PROBLEM TO WORK ON —
Print the listing below a second time, exactly, and omit its images.
### DATA EXTRACT ###
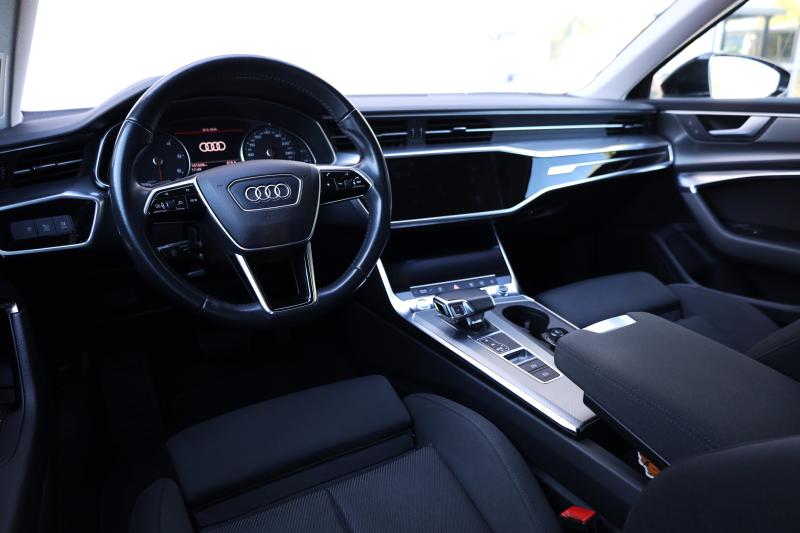 Audi - A6 - pic8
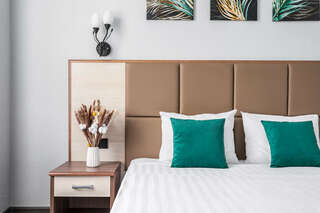 Гостиница Seven Hills Taganka Москва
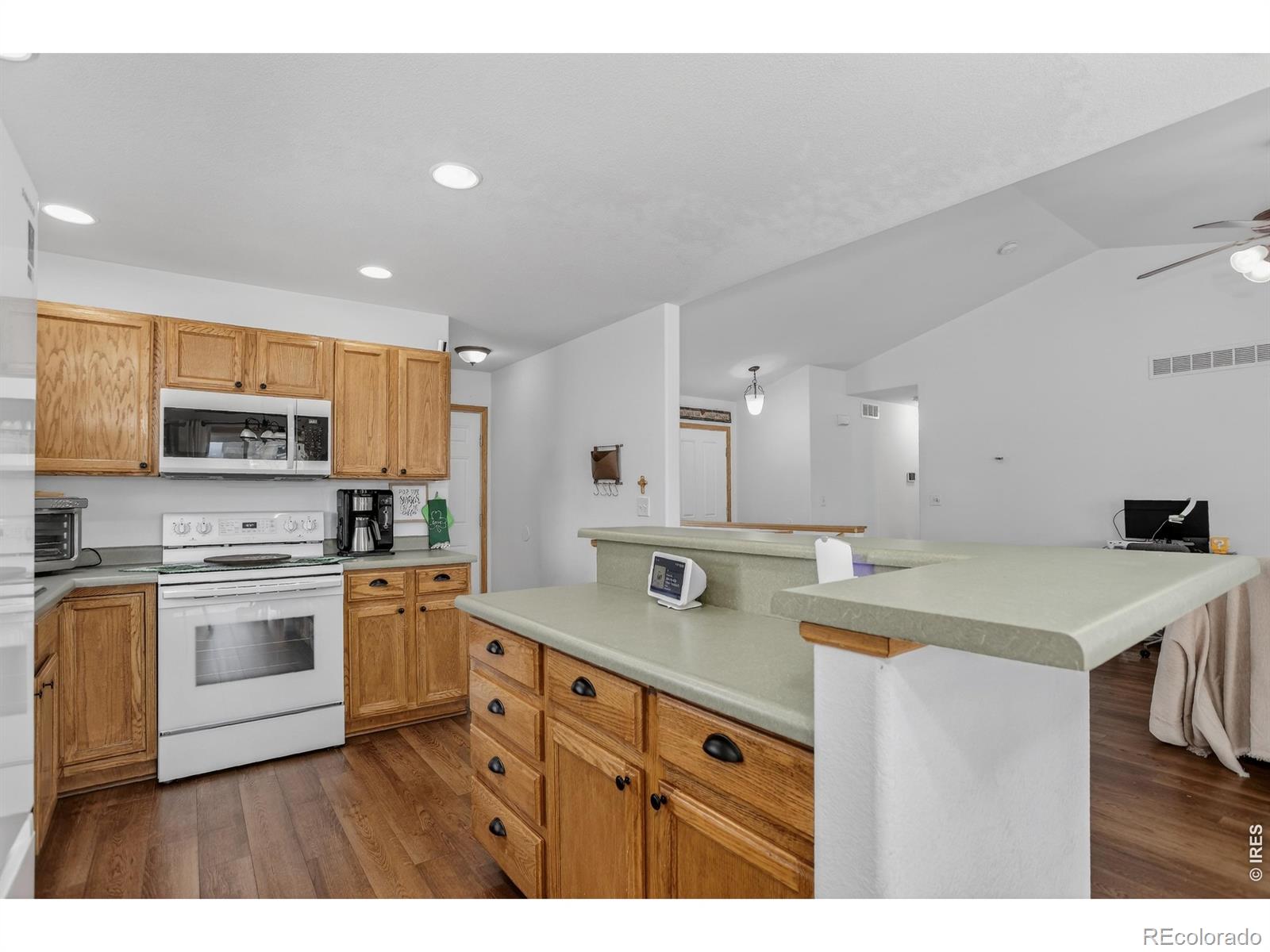 3387 Firewater Lane Wellington CO 80549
###
TASK RESULT —
 Audi - A6 - pic8
 Гостиница Seven Hills Taganka Москва
 3387 Firewater Lane Wellington CO 80549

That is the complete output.